Голова бога (Приазовский репортаж) | страница 17
Из пансиона бригадирши градоначальник покатил, похоже, прямо к полицмейстеру. О чем и как они беседовали — Аркадий так и не узнал. Но разговор был, и последствия явно имел: иначе с чего бы квартальные поручики с квартальными надзирателями носились стремглав до заката солнца.
Хотя единственного городского вора изловили и посадили в тюрьму еще прошлой осенью, полицмейстер с поставленной задачей справился.
По подозрению в шпионаже арестовали дядю Жору — главного городского пропойцу. Нет, конечно же, городские мужи умели и любили заложить за воротник, но их запои меркли на фоне запоев дяди Жоры. Его пьянство было эпическим, о нем слагали легенды. Говорили, к примеру, что причиной этого неимоверного падения была неимоверно неразделенная любовь.
Напивался дядя Жора в стельку, как сапожник, паче сапожником он в действительности и был. Его молоток с гвоздями, и будка несомненно тоже были бы пропиты, если бы на них нашелся покупатель.
Летом, когда большая часть города ходила босиком или в самодельных деревянных сандалиях-стукалках, дядя Жора покидал душный и пыльный город. Его будка стояла незапертой, потому что замок он пропил, а более ничего ценного в этом помещении не имелось. Он жил в шалаше около реки, носил на базар собранные в рощах сперва вишни, потом — дикие абрикосы, именуемые в этих краях жерделями, а в начале осени — грецкие орехи. Горожане собранные плоды покупали не сколько из необходимости, сколь из жалости.
Но именно склонность к бродяжеству сыграла с дядей Жорой дурную шутку. Его будто кто-то видел в тот вечер на около тех мест. А ежели даже не видел, то что за беда? Он ведь мог там оказаться? Ведь мог он слать знаки супостату?
И теперь сапожник сидел в одиночной камере, ожидая якобы приезда важного чиновника, и чинил полицейским обувь. За эти труды получал водку и пил. В его понимании перемена была исчезающе мала.
Еще до того, как дядю Жору доставили в участок, в пансионе мадам Чебушидзе Аркадию была продиктована краткая слов в сто заметка.

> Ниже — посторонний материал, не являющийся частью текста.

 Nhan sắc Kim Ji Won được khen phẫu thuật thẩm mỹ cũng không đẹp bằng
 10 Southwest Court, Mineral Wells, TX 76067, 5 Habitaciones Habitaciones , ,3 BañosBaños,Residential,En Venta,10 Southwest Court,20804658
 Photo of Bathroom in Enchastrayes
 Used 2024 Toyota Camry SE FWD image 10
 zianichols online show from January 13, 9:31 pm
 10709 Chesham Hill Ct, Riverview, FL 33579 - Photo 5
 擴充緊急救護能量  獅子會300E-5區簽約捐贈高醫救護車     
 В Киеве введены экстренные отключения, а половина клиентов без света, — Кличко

Утром «Листок» вышел экстренным выпуском — первым в своей истории. Это одновременно и печалило и радовало Аркадия. Радовало потому, что в самом экстренном выпуске было что-то серьезное, взрослое. Да что там! Он прислушался и понял, что мечта его жизни — как раз готовить экстренные выпуски, а после наблюдать, как за ними выстраиваются изрядные очереди.
Но мучила совесть. Он считал, что газета должна разъяснять непонятное, рассказывать неизвестное. А тут получалось ровно наоборот: целый город был введен в замешательство.